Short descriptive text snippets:
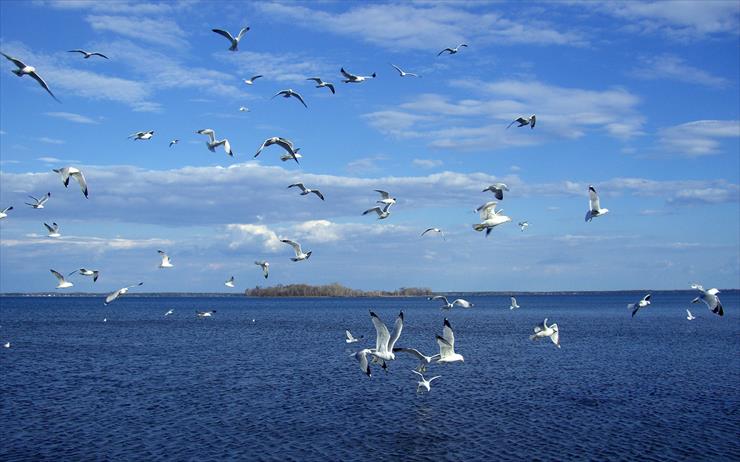 woda - seagulls_l.jpg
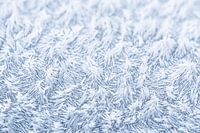 De magie van de vorst, abstracte winterse rijp van dichtbij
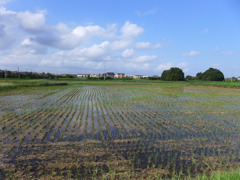 収穫後の田んぼ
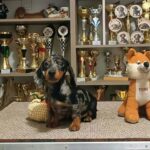 Dux-male-Miniature-Dachshund-puppy-for-sale-1 (2)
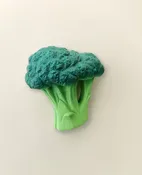 Broccoli Bath Toy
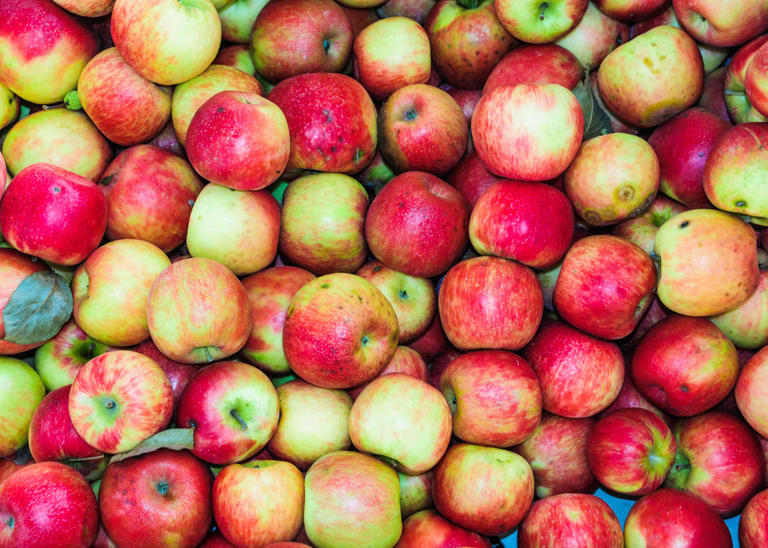 Are bruised apples safe to eat? A food safety expert answers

_Exercise instructions_
Set down every record exactly, without the pictures.

_Output of the exercise_
 woda - seagulls_l.jpg
 De magie van de vorst, abstracte winterse rijp van dichtbij
 収穫後の田んぼ
 Dux-male-Miniature-Dachshund-puppy-for-sale-1 (2)
 Broccoli Bath Toy
 Are bruised apples safe to eat? A food safety expert answers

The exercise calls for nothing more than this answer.